5/15 - Carbonara




Tonight's dinner was down at the harbor. We had been taking a walk as a group, and we had come across quite a fancy Italian restaurant, an Osteria if you will spare me the liberty of butchering some Italian. The owner had dragged us in as we walked by with a promise of a free glass of wine or pint of beer, and by the time he had finished that sentence, we had all been convinced of our dining venue for the night. How smart and unusual it is that advertisers are so eager to give away free booze in the name of making a profit on food items - while my business mind sees that this is a great method of dragging in tourists, I also cannot cease to think how badly an employee would be berated in America for giving free booze to strangers in the name of sales.

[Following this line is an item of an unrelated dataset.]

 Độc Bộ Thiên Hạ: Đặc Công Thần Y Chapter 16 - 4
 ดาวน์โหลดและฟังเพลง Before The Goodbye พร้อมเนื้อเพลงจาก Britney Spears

Capitalist sentiment aside, however, the Carbonara that I ordered was delicious, albeit slightly heavy-sitting afterward.  For those who are reading without prior knowledge of pasta, pasta Carbonara has origins in Rome, Italy. It is a pasta that traditionally has egg, hard cheese, Guanciale (a type of Italian bacon), and pepper. As a result of the use of egg and bacon, Carbonara is a very creamy and quite the heavy dish. As an avid eater, even I could just barely finish the big plate that had been set before me. I will say though, that I was very glad to have ordered it.
Nutritional Information
Notes - Carbonara is quite the fatty dish, almost half of all the calories are from fat, and other than a bounty of carbs and protein, there really isn't much else offered. Definitely a delicious dish, but not one to eat every night.